Seorang manusia sempurna mengejawantahkan kesempurnaan manusia melalui realitas esensialnya, sebagai bentuk dari nama-nama allah, dan melalui pengejawantahan-pengejawantahan aksidentel, perwujudan luarnya mengejawantahkan nama tuhan secara nyata. Manusia-manusia  adalah bersifat tetap dalam hal esensi, sebagaimana halnya dengan wujud tuhan. Namun mereka mengalami berbagai transformasi dan transmutasi dengan cara berpartisipasi dalam ke-baqa-an dan penyingkapan diri tuhan.[20]

Daftar Rujukan


[9] Mulyadi Kartanegara. Menyelami Lubuk Tasawuf, (Jakarta; Penerbit Erlangga. 2006), 36.

[10] Kesatuan antara haq dan al-khalq disini bukan kesatuan dalam wahdah madiyah (kesatuan materi), bukan bersatunya mahluk dengan tuhan, hingga mengorbankan adanya dzat tuhan. Bahwa dzat yang sesungguhnya wujud yang hakiki hanyalah wujud allah semata. Sedangkan wujud selain Allah atau wujud mahluk hanyalah wujud relative yang sepenuhnya bergantung kepada wujud yang hakiki.sebagaimana dalam al-qur’an; “ wahai umat manusia, kalian adalah fuqara’ terhadap allah, dan allah-lah yang maha kaya lagi maha terpuji”.(Q.S. Al-Fathir: 15)

[11]  Harun Nasution, Filsafat Mistisisme dalam Islam, cet.1, (Jakarta: Bulan Bintang, 1973). 92.
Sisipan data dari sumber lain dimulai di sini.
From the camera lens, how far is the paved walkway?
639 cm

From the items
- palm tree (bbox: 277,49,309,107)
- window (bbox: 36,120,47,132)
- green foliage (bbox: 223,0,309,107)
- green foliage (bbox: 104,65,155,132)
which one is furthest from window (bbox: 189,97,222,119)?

[12] Penyatuan dzat tuhan disini bukan dalam arti esensi (dzat)-Nya yang transenden, tetapi penyatuannya dalam arti nama-nama atau sifat-sifat tuhan. Apapun yang kita temukan di alam semesta ini merupakan manifestasi dari sifat-sifat tuhan.

[13] Muhammad Abd. Haq Ansari, Merajut tradisi Syari’ah Sufisme, cet.1,(Jakarta; Grafindo Persada, 1997), 168.

[14] Perpaduan disini adalah keutamaan manusia di atas mahluk yang lain yang memberinya kedudukan khalifah, sebagai hak istimewa yang tidak diberikan Allah SWT kepada mahluk lain. Perpaduan adalah syarat mutlak menduduki jabatan khalifah. Tanpa syarat ini, khalifah adalah mustahil. Satu-satunya yang memenuhi syarat untuk khalifah ini adalah manusia sebagai mahluk sempurna.

[15] Taufik Abdullah dkk. Ensiklopedi Tematis Dunia Islam jilid 4, (Jakarta; PT Ichtiar baru Van Hoeve. 2002), 165.

[16] Henry Corbin, Imajinasi Kreatif Sufisme Ibn ‘Arabi, cet.1., LKiS, Yogyakarta, 2002, hlm. 503-504

[17] Permadi. Pengantar Ilmu Tasawuf, (Jakarta; PT Renika Cipta. 2004), 101.

[18] M. Fudoli Zaini. Sepintas Sastra Sufi Tokoh dan Pemikrannya, (Surabaya; Risalah Gusti. 2000), 114.

[19] Taufik Abdullah dkk.167.

[20] William C. Chittick. The Sufi Path Of Knowledge (Tuhan Sejati dan Tuhan-Tuhan Palsu), (Yogyakarta; Penerbit Qalam, 2001). 100-101.